After watching Hurricane Dean barrel through the Caribbean over the weekend and thrash Mexico’s Yucatan Peninsula on Tuesday, members of the Georgia National Guard are prepared to help with relief efforts, if the hurricane moves northward.
Gov. Sonny Perdue announced that more than 40 Georgia National Guard members would deploy to Texas this week to provide emergency aide, should Dean shift toward the Lonestar State.
“Georgians always show care and generosity to our neighbors in other states struck by disaster,” Perdue said in a statement. “Today, I’d like to thank our guardsmen who are leaving their families and jobs to answer the call of duty in Texas.”

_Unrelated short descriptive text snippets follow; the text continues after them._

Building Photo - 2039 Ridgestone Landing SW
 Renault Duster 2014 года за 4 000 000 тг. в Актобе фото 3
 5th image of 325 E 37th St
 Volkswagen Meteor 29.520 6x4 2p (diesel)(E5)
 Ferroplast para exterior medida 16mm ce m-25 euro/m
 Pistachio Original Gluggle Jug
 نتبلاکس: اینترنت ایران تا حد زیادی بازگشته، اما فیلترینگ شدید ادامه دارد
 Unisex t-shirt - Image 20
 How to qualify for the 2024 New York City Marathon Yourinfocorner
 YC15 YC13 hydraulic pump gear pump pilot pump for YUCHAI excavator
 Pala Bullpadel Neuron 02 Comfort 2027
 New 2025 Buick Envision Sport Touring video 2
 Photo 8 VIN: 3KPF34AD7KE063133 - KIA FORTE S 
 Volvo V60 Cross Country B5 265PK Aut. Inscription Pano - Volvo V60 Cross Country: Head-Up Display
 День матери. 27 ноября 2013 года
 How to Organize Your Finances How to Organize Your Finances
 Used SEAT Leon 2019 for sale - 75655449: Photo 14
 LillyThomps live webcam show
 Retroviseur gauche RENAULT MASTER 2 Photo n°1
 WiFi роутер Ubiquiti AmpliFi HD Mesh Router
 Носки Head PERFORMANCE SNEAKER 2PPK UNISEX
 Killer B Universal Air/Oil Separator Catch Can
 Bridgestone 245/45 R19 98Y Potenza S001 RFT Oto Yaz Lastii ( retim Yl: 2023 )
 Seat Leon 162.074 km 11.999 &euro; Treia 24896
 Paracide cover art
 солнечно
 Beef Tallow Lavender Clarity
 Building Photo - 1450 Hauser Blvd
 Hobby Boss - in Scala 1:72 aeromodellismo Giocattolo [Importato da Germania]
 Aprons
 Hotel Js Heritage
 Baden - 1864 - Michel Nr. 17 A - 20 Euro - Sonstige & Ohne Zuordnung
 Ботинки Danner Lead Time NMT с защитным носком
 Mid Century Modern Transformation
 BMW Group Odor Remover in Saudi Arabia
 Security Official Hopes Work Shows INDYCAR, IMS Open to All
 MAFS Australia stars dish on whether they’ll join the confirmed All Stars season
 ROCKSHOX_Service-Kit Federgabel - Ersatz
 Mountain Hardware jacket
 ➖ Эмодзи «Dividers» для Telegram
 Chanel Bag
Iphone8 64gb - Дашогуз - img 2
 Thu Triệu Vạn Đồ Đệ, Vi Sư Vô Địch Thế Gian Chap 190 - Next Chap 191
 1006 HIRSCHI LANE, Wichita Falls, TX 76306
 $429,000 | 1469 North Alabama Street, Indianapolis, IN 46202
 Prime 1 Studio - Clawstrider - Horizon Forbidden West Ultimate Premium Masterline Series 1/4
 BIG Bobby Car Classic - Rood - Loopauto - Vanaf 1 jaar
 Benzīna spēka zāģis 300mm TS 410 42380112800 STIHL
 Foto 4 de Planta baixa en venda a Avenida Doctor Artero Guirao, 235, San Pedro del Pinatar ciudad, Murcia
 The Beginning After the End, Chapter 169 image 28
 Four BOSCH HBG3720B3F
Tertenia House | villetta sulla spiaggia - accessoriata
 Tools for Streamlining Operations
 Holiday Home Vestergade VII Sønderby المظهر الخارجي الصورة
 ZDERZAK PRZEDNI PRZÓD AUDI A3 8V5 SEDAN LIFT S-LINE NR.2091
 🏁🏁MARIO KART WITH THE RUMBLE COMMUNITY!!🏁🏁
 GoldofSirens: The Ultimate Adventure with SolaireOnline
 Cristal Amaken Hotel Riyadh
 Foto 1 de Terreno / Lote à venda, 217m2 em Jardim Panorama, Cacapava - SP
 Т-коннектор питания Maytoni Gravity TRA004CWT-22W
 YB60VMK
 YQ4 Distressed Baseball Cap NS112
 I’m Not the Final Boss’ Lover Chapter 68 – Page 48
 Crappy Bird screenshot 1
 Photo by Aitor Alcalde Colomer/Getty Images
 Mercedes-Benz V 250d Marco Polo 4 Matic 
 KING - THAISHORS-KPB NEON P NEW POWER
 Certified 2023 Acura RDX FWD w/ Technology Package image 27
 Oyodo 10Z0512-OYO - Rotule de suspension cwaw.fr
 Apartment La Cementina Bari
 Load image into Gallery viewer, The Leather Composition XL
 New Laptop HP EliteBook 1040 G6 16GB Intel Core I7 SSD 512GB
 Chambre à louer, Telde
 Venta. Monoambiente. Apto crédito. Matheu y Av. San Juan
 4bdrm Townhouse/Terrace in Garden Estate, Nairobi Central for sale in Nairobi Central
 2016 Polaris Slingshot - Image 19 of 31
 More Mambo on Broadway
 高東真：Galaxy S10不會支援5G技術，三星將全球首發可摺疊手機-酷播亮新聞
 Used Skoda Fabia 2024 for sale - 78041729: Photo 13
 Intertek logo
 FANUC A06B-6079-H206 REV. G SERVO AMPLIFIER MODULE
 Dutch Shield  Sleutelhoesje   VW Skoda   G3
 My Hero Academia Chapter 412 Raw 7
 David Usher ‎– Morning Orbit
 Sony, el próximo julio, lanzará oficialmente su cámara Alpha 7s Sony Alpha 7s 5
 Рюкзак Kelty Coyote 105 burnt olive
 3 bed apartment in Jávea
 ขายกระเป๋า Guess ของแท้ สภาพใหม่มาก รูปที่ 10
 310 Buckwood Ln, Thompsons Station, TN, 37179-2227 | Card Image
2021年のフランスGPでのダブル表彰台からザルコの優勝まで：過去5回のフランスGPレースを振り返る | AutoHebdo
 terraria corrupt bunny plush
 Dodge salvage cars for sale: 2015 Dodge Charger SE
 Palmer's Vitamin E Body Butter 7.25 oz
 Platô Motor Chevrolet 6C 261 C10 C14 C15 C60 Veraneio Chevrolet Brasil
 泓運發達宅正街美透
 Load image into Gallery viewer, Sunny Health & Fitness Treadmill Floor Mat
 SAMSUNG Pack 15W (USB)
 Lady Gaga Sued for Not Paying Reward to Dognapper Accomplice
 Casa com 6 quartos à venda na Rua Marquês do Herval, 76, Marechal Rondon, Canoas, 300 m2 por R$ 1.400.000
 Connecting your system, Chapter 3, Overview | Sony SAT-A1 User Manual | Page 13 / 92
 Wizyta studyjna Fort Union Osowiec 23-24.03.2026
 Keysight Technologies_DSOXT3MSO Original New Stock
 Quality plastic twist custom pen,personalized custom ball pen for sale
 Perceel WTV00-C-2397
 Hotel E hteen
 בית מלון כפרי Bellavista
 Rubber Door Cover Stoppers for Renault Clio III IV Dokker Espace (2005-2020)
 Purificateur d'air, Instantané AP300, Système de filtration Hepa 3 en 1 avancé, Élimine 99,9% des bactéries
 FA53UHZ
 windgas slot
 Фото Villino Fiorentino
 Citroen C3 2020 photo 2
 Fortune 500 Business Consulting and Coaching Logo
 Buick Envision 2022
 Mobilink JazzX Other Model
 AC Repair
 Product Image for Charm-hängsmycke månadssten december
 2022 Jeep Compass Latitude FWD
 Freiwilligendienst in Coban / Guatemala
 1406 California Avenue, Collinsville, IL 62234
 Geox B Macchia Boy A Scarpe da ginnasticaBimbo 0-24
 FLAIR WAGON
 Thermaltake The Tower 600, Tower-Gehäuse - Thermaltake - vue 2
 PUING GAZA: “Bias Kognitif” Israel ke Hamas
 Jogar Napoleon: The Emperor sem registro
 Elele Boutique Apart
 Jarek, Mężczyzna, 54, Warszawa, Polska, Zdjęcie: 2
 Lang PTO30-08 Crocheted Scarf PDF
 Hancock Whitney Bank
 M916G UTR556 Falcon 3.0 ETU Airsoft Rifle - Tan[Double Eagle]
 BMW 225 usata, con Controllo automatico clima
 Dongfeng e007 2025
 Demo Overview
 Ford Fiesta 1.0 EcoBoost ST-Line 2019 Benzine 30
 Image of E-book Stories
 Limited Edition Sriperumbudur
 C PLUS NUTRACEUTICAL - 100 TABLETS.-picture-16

Several aircraft, including Black Hawk helicopters from Dobbins Air Force Base in Marietta and heavy lift CH-47 Chinook helicopters from Hunter Army Airfield in Savannah, are also prepared for deployment, if necessary.
Georgia guard officials are monitoring the need to send aircraft and will make a determination on whether or not to deploy the helicopters based on Dean’s direction and the severity of the damage caused by the hurricane.
According to the governor’s office, eight members of the Georgia Air National Guard’s 283rd Combat Communications Squadron from Dobbins Air Reserve Base in Marietta have already departed for Austin, Texas where they will set up critical communications links.
The largest group of guardsmen scheduled to deploy will be from the 171st Aviation Regiment at Dobbins.
About 15 soldiers of the unit will form a command and control headquarters for an aviation task force of helicopters and crews from several states. The aviators departed Tuesday morning for San Antonio where they will respond, if necessary, to relief efforts along the Texas coast.
The preparations will more than likely turnout to be a test run for future hurricane and other emergency relief collaboration efforts, however. Forecasters expect Dean to continue across the Yucatan and re-enter the Gulf of Mexico before striking central Mexico on Wednesday; it does not pose a direct threat to the United States.
The hurricane weakened into a Category 3 storm Tuesday after slamming into the Yucatan Peninsula as a Category 5 behemoth. It had sustained winds of nearly 165 mph and gusts that reached 200 mph at landfall.